■ Problem to work on: Your answer must be the exact lines from the one holding "长沙市纪委常务副书记,市监委副主任熊冬华宣读文件中共长沙市委常委" through the end of the entries, with no pictures.
=== Records for the exercise ===
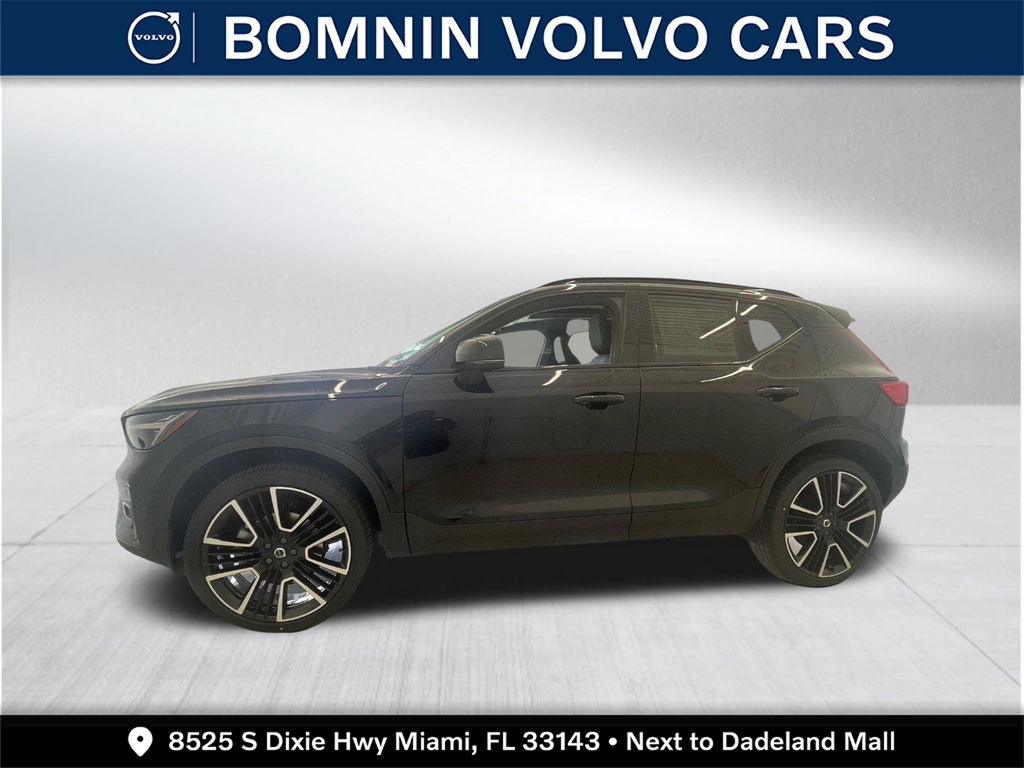 2024 Volvo XC40 Ultimate photo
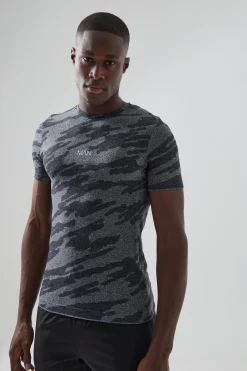 Man Active Seamless Camo Muscle Fit T-shirt | BoohooMAN UK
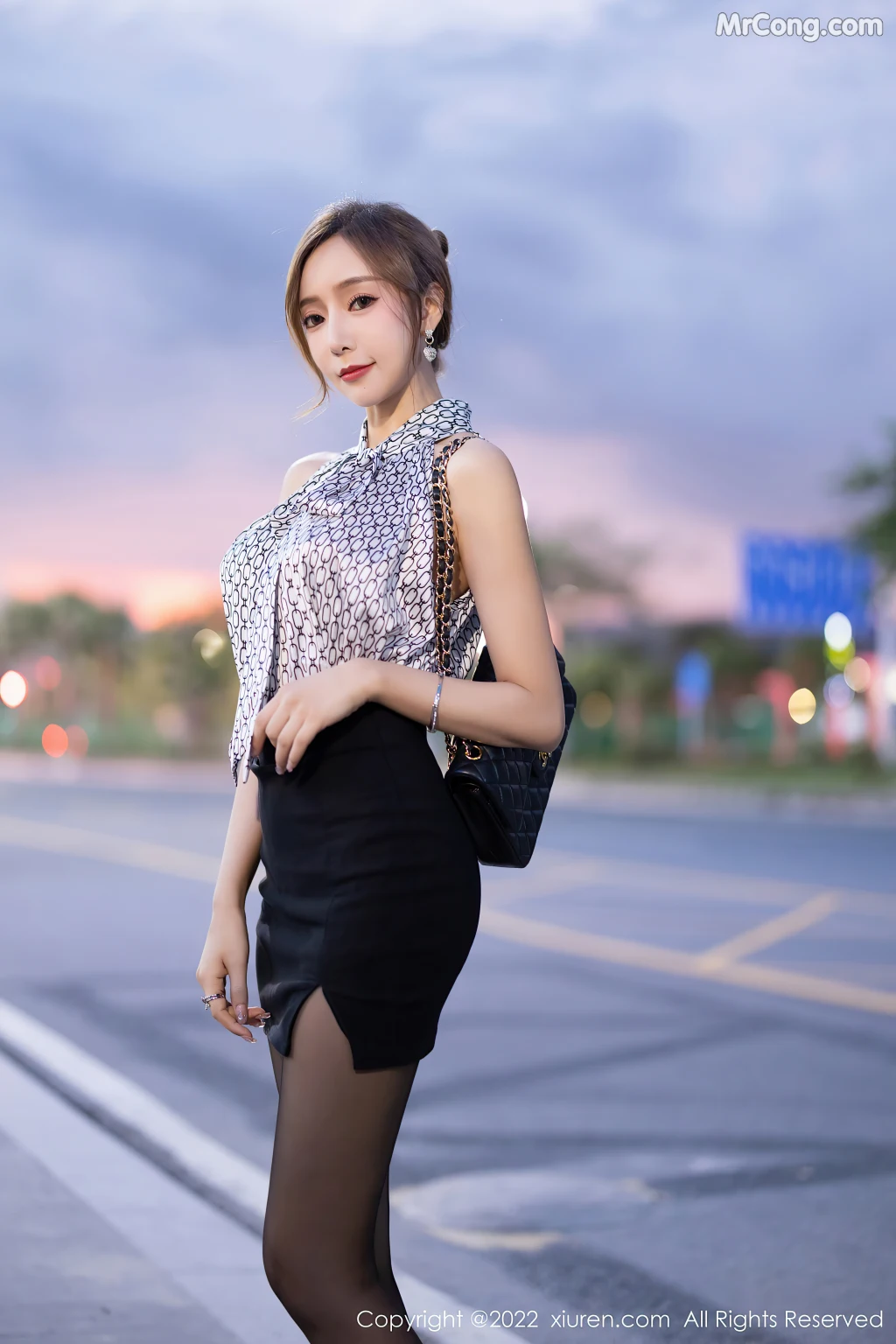 XIUREN No.5325: Yanni (王馨瑶) (79 photos)
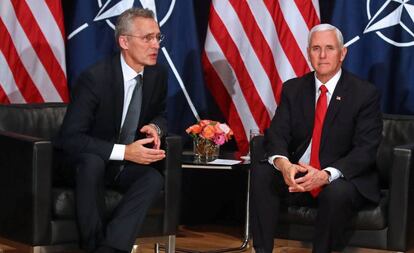 El secretario general de la OTAN, Jens Stoltenberg, junto al vicepresidente de EE UU, Mike Pence, en febrero en Múnich. 
 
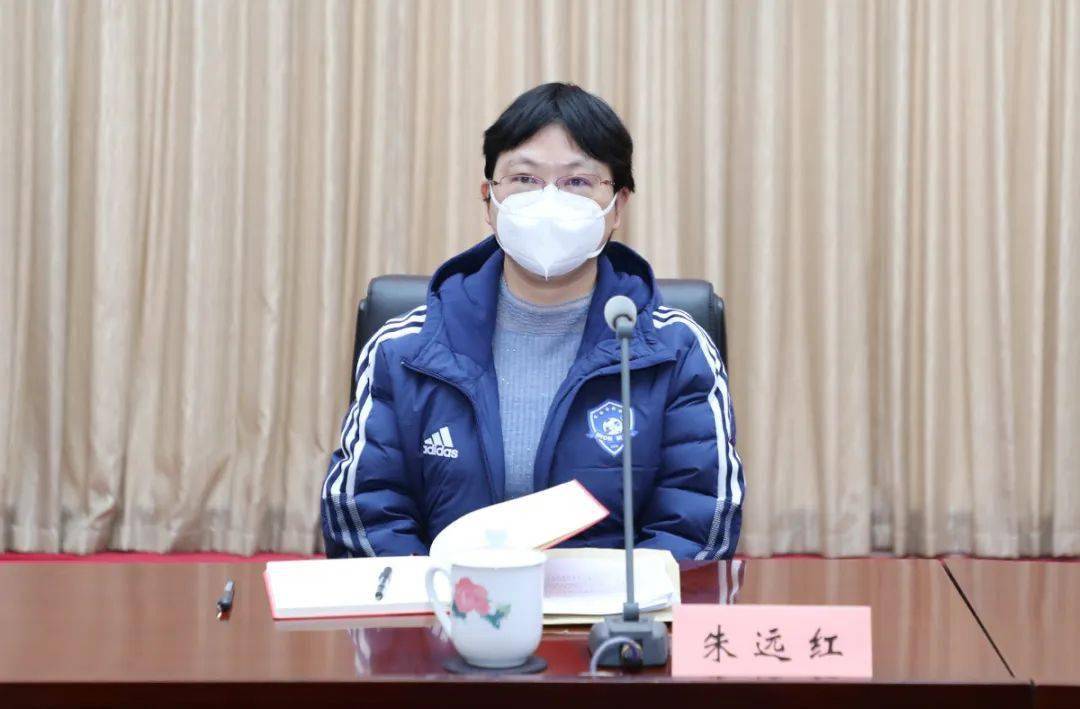 长沙市纪委常务副书记,市监委副主任熊冬华宣读文件中共长沙市委常委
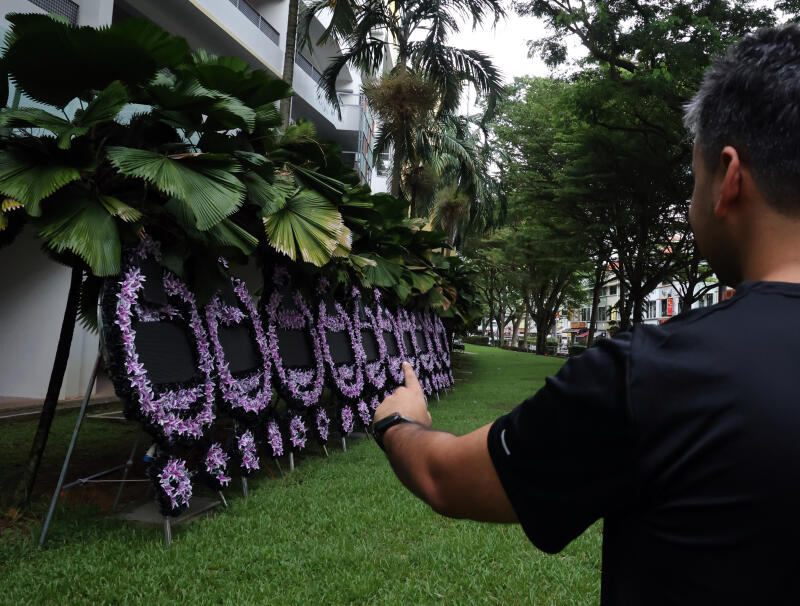 (已签发)柔:狮城二三事:丧礼结束5天后 仍见10电子花圈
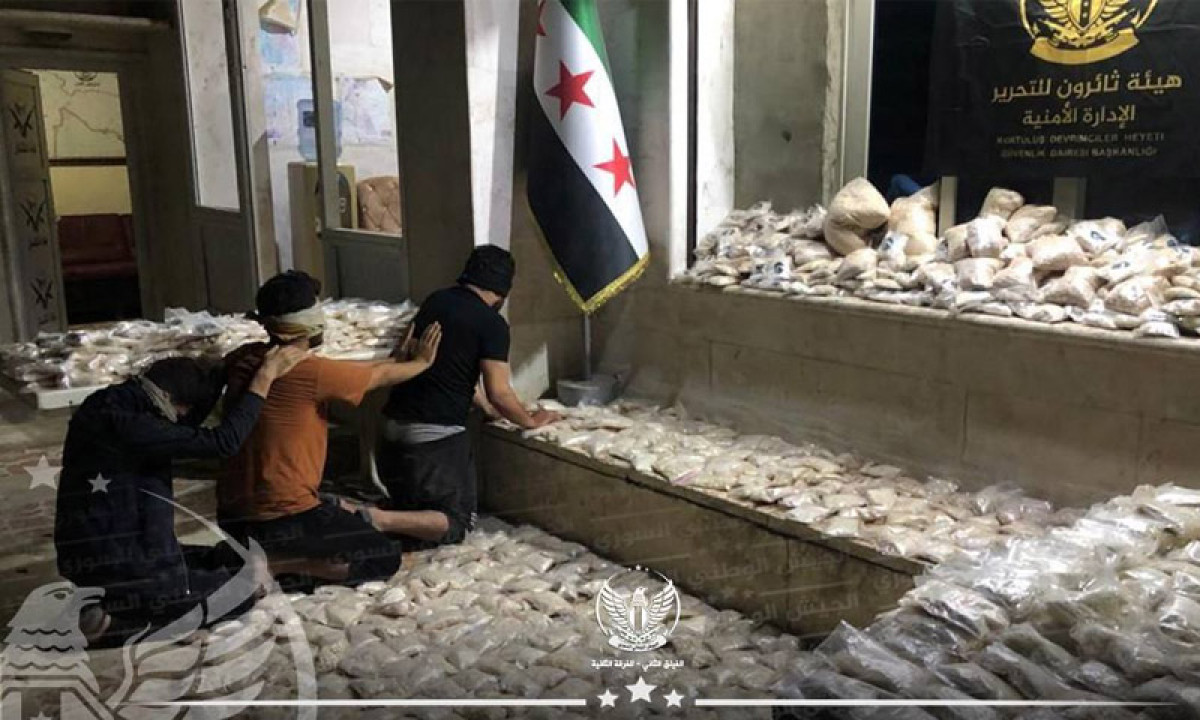 “ثائرون” تعلن ضبط 1.5 مليون حبة “كبتاجون” قادمة من مناطق النظام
===
■ Response to this exercise:
 长沙市纪委常务副书记,市监委副主任熊冬华宣读文件中共长沙市委常委
 (已签发)柔:狮城二三事:丧礼结束5天后 仍见10电子花圈
 “ثائرون” تعلن ضبط 1.5 مليون حبة “كبتاجون” قادمة من مناطق النظام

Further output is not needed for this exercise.